Giovanni Battista Moroni (c.1520-78) was a painter, mostly
of portraits, who worked in the northern Italian cities of Brescia, Bergamo,
Trento and Albino. His early works were mainly full-length lifesize portraits
of local noblemen, but in his later years, spent mostly in his birth town of
Albino, he developed a more intimate style in which the aim was not to glorify
the sitter but to convey their personality. “The Tailor”, dating from around
1570, falls into the latter category.
The painting, which measures about 39 by 30 inches (100 by
77 cm), shows the subject standing at his workbench with his shears in one hand
and a piece of dark cloth in the other. He is a youngish man, possibly in his
mid-thirties, so he is well established in his trade and has the look of a
confident professional businessman. He has clearly come far enough in his
career to afford to have his portrait painted by such an eminent artist.

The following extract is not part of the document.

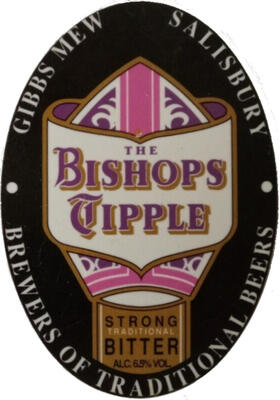 The Bishops Tipple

As a tailor, the subject clearly wants to be portrayed in
clothing that befits both his status and his skill, assuming that he has made
what he is wearing. This portrait was probably intended to be as much an
advertisement for his wares as an accurate depiction of the tailor himself. He
is wearing the typical dress of a prosperous man-about-town in 16th
century Europe, namely “doublet and hose”. The doublet was a close-fitting
buttoned jacket with long sleeves and the hose was a padded garment that
covered the area from waist to mid-thigh and was covered in vertical strips of
material. These are sometimes referred to as “pumpkin pants” which would be
worn over “under hose” that today would be called tights.
It is quite likely that these clothes would not have been what
the tailor would normally have worn when at work. Just as the workbench is
completely clear of any stray pieces of cloth or thread, the tailor is also
seen in a deliberate pose that says: “this is what I am, this is what I do, and
these are the clothes I make”.
Even so, the artist has done a lot more than merely produce
an advertising poster. The tailor looks directly at the viewer as he turns his
head slightly. It is almost as though he has been about to start work when
somebody has come into his workshop but he has not had time to take in who they
are. His glance is not unfriendly, but neither is it warm in the sense of
breaking into a smile. This is very much a “snapshot” of a portrait, which is
why it succeeds in being both intimate and revealing.
The lighting of the picture is cleverly done. The background
is a blank grey wall, but a shaft of light falls across it from the top
left-hand corner. This also lights the tailor’s face as he turns towards the
viewer, thus giving it a realistic three-dimensional effect. The same applies
to the details on the tailor’s doublet, where light and shade are used to
indicate his slightly rounded stomach and convey the impression that this is
not a man on the breadline but a prosperous artisan and trader who is well
patronised.
The eye is taken by highlights of white on the tailor’s
cuffs and belt, which are matched by the white of the small ruff at his neck.
The way the arms are painted, being lit from the source mentioned above, also
has the effect of leading the eyes upwards towards the tailor’s face, which is
the painting's true focus. The viewer sees a man at work, but he/she is far
more conscious of the man than of the work.
The composition of the painting thus gives the impression of
simplicity and immediacy but the whole thing is a subtle arrangement of shapes
and lighting effects that lead to a desired conclusion.
Although this is the work of an Italian painter, it seems to
foreshadow the work of 17th century Dutch painters such as Vermeer
and De Hooch who would also take simple subjects from everyday life and elevate
the ordinary into the extraordinary.
“The Tailor”, which is easily Moroni’s best-known work, is
part of the permanent collection at the National Gallery, London.